Ane faz parte de uma geração que cresceu nos bairros mais pobres, decidiu continuar lá e comprar a briga para ampliar o acesso a direitos. “Por idealismo”, como diz, a luta diária é garantir aos alunos uma educação libertadora e de qualidade, direito de toda criança e adolescente. “É muito difícil os professores dizerem que eles podem melhorar o lugar onde moram. Geralmente os alunos ouvem que precisam melhorar de vida para sair da periferia. Não é assim. Por isso, costumo começar a matéria perguntando para eles qual a história que não está contada no livro. É a deles.”

Natural de Jandira, vizinha a Osasco, Ane viveu cinco anos em um abrigo. Tinha 4 anos quando a mãe, a irmã e ela foram expulsas de casa pelo tráfico. Ficaram na rua. Aos 10, foi viver em Osasco com a mãe, que conseguiu se reerguer. Estudou em escolas estaduais da região, onde anos depois voltou para lecionar, após cursar História em uma das primeiras turmas do ProUni. “Ultrapassei o limite de ‘você vai ser doméstica, ter filho aos 16 anos e seu máximo vai ser um marido traficante’, como me diziam quando eu tinha 14 anos.”
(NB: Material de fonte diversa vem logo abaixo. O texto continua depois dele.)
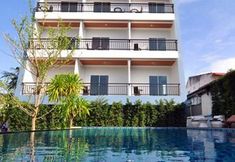Swimming Pool 2 Phuket Jula Place 
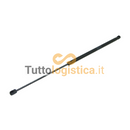 Molla a gas TotalSource per carrelli elevatori Linde | 400/0009655759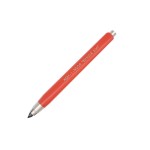ołowek mechaniczny koh i noor kubuś na wkłady grafitowe 5.6mm_czerwony.jpg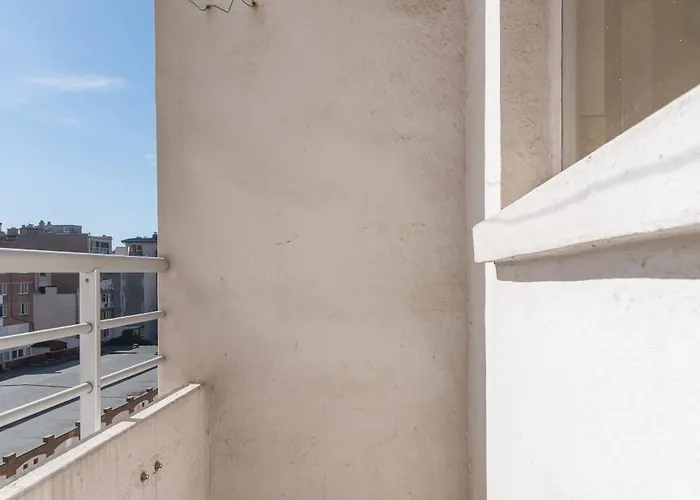 Lecomte - The Shoreline Beachwalks 78 * Oostende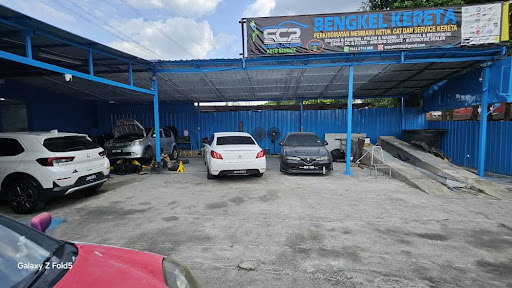 Quality Car Paint (Puchong) Quality Car Paint (Puchong)
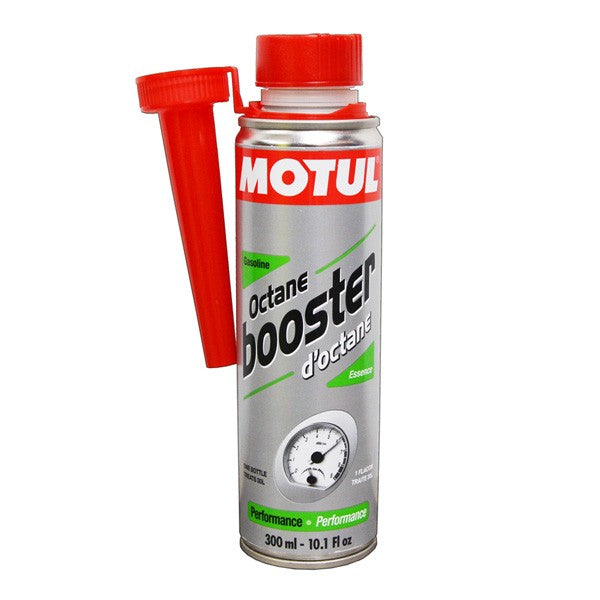 Motul Octane Booster 300ML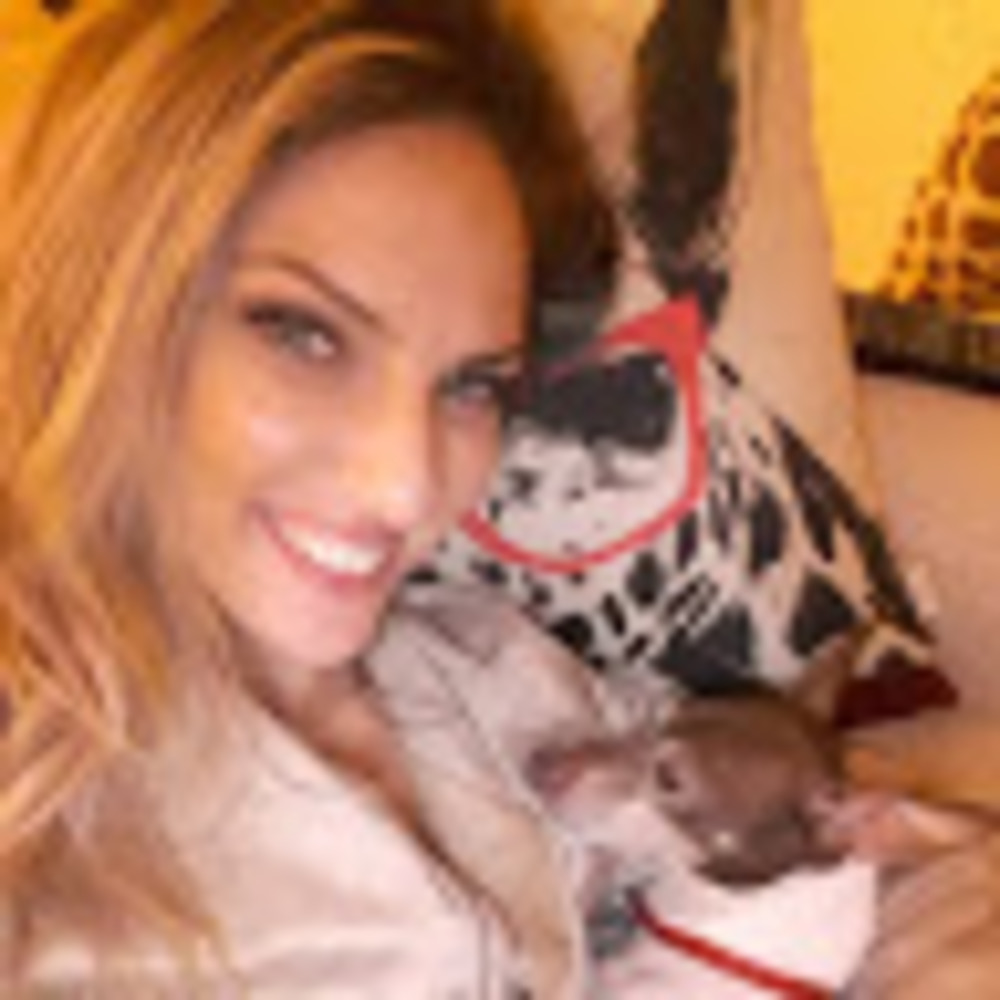 Meet your Posher, Marie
Para que seus alunos ultrapassem barreiras socialmente impostas, a estratégia é levantar com eles os problemas da região. “Tento mostrar que eles são cidadãos, que podem exigir e por quais caminhos. Isso, infelizmente, não dá para fazer de forma delicada, porque a periferia tem urgências. Eu tenho de escancarar a realidade para eles. Aí trabalhamos questões da nossa estrutura repressora como o machismo, o racismo e a desigualdade social. Sempre digo que eles precisam ter uma visão crítica para se defender do sistema”, conta.

Da sua casa, em uma rua sem iluminação pública, ela ouve o mesmo funk que embala seus alunos nas festas. Na ida ao mercado não passa despercebida, encontra antigos e atuais estudantes. “Quando me virem nessas fotos tenho certeza que vão dizer ‘afe, professora, nem parece você’. Eles sempre me veem sentada em cima da mesa”, brinca. “Até minha linguagem é a mesma que a deles, porque eu cresci como eles e moro no mesmo lugar.”
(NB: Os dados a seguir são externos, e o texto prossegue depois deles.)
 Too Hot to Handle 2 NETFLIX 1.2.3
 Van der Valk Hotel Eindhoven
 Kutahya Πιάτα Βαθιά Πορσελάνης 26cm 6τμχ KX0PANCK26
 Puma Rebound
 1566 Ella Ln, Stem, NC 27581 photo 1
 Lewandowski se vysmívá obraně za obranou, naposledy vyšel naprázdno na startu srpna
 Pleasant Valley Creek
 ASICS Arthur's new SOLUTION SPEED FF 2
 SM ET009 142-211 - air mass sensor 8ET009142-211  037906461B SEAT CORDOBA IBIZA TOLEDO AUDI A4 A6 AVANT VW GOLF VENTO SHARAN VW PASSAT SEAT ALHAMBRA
Os desafios persistem. “Não adianta eu perguntar se conhecem as guerras da África sem perguntar qual a guerra que eles vivem aqui. Por isso também uso nas minhas aulas os raps mais críticos. Eles ouvem e falam: ‘Isso acontece comigo, professora’.” O resultado não é simples de ser mensurado. Chega na forma de sorrisos, cumplicidade, participação e autoestima. “Tenho alunos no movimento estudantil, meninas que formaram grupos feministas, alunos que entraram na faculdade ou que conseguiram empregos. Já vi meninos saírem do crime e outros que falavam que queriam ser bandidos trabalhando.”